TASK REQUIREMENTS: The full listing, minus its pictures, should be printed again exactly as it stands.

GIVEN ENTRIES:
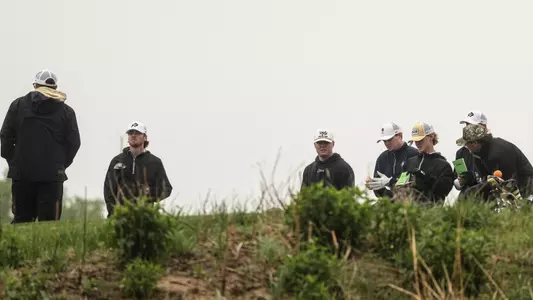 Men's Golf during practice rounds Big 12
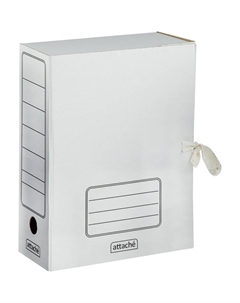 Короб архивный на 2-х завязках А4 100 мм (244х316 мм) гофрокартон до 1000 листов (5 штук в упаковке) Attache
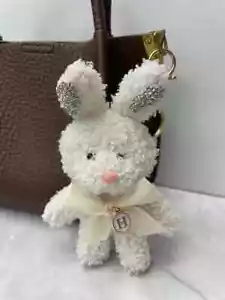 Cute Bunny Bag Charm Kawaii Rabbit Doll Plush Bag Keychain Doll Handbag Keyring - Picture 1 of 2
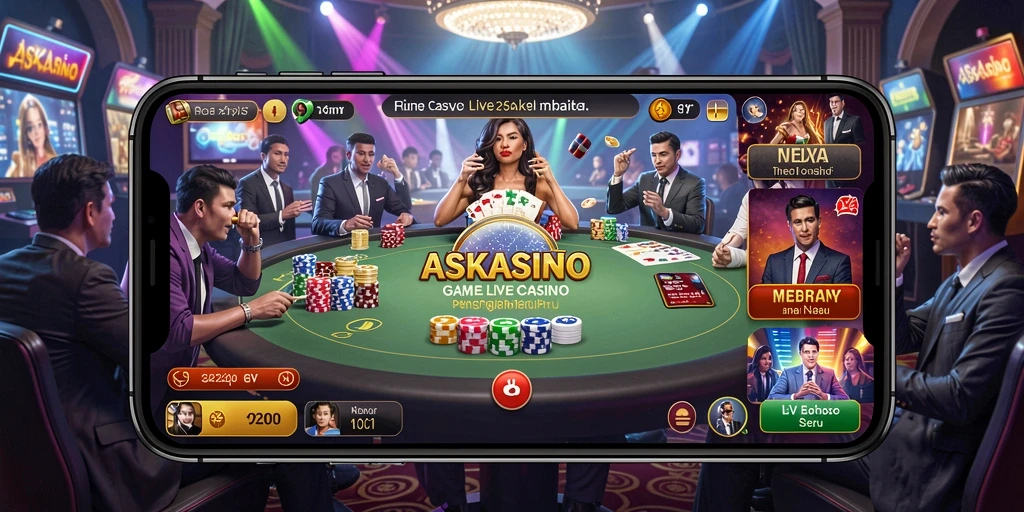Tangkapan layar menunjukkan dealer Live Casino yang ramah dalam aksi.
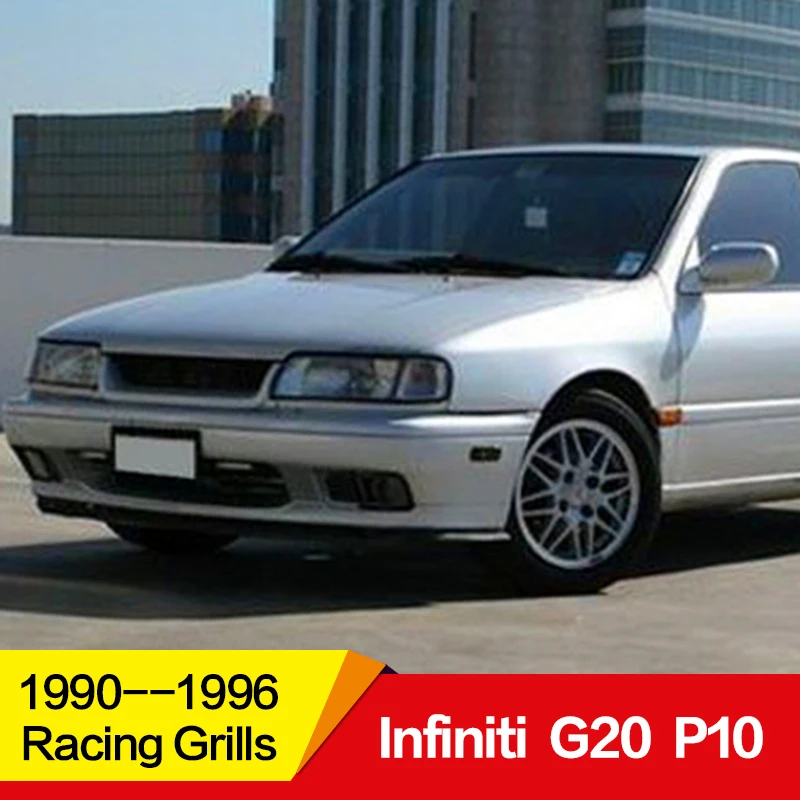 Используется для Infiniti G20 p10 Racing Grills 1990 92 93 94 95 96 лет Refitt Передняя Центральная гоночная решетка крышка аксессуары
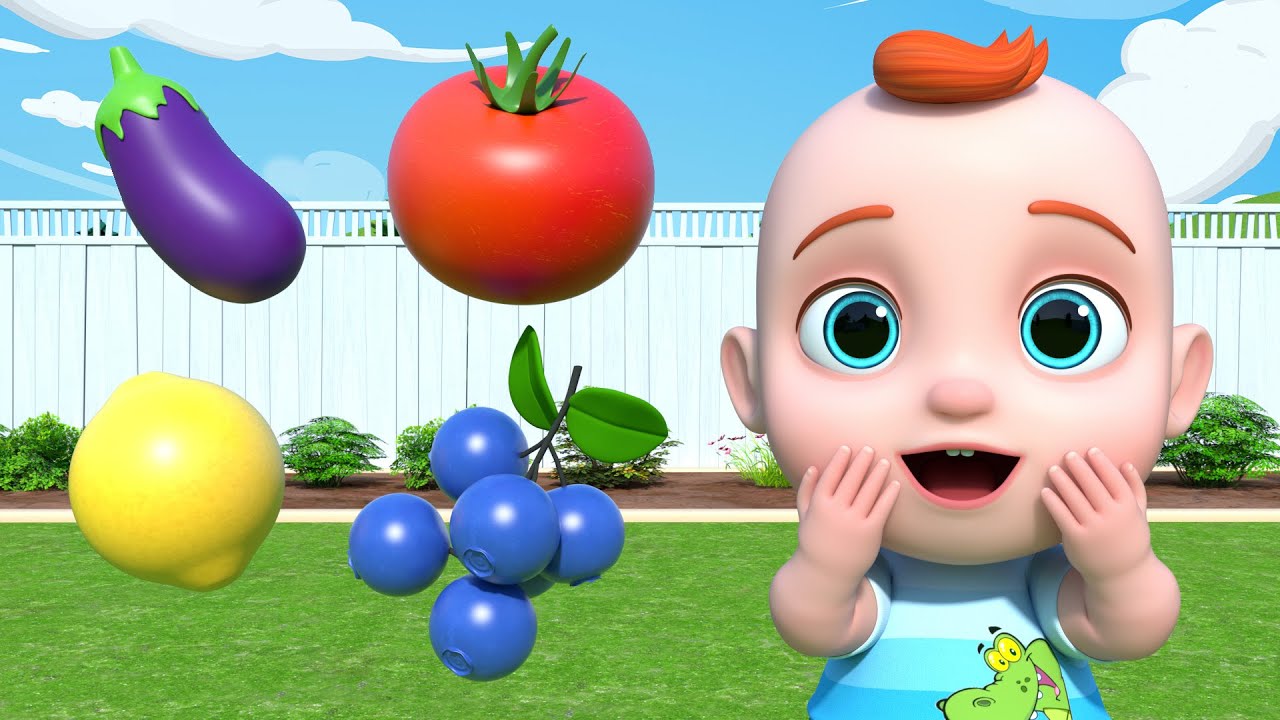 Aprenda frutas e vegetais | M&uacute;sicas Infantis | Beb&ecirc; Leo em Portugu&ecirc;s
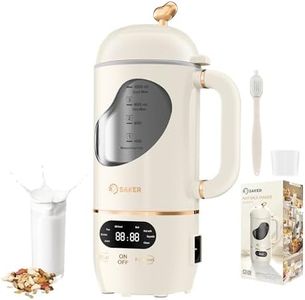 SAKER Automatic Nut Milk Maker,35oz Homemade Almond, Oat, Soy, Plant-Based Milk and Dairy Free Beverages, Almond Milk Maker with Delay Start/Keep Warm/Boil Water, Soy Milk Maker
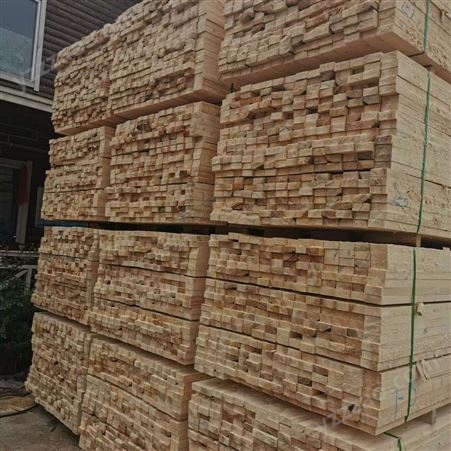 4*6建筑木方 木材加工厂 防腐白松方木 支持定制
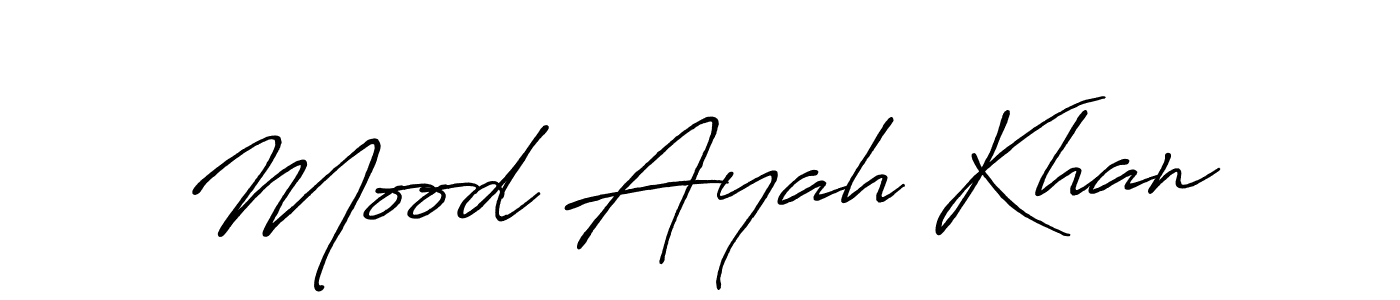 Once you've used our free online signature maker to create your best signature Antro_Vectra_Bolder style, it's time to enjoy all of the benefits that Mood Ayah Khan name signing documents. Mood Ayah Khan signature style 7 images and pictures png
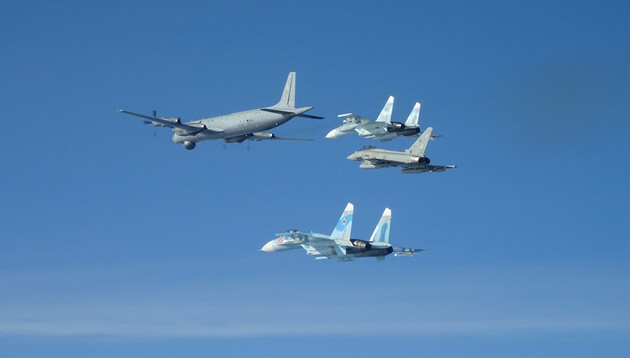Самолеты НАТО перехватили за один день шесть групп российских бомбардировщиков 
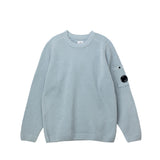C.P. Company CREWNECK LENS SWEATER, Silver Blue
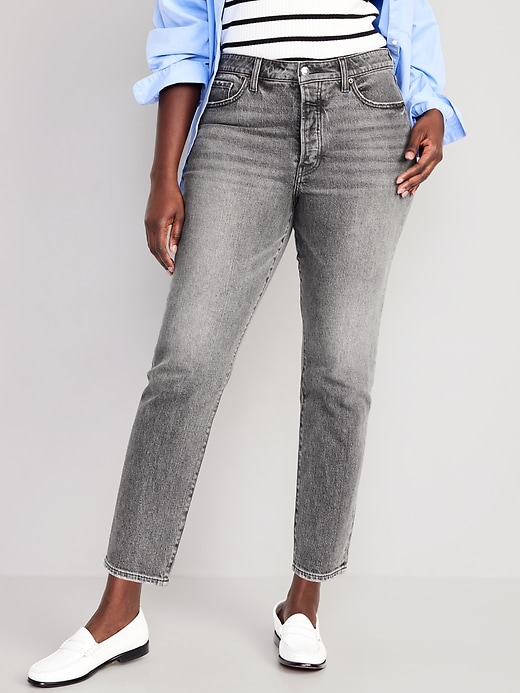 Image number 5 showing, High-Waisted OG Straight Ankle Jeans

WRITTEN RESPONSE:
 Men's Golf during practice rounds Big 12
 Короб архивный на 2-х завязках А4 100 мм (244х316 мм) гофрокартон до 1000 листов (5 штук в упаковке) Attache
 Cute Bunny Bag Charm Kawaii Rabbit Doll Plush Bag Keychain Doll Handbag Keyring - Picture 1 of 2
Tangkapan layar menunjukkan dealer Live Casino yang ramah dalam aksi.
 Используется для Infiniti G20 p10 Racing Grills 1990 92 93 94 95 96 лет Refitt Передняя Центральная гоночная решетка крышка аксессуары
 Aprenda frutas e vegetais | M&uacute;sicas Infantis | Beb&ecirc; Leo em Portugu&ecirc;s
 SAKER Automatic Nut Milk Maker,35oz Homemade Almond, Oat, Soy, Plant-Based Milk and Dairy Free Beverages, Almond Milk Maker with Delay Start/Keep Warm/Boil Water, Soy Milk Maker
 4*6建筑木方 木材加工厂 防腐白松方木 支持定制
 Once you've used our free online signature maker to create your best signature Antro_Vectra_Bolder style, it's time to enjoy all of the benefits that Mood Ayah Khan name signing documents. Mood Ayah Khan signature style 7 images and pictures png
Самолеты НАТО перехватили за один день шесть групп российских бомбардировщиков 
C.P. Company CREWNECK LENS SWEATER, Silver Blue
 Image number 5 showing, High-Waisted OG Straight Ankle Jeans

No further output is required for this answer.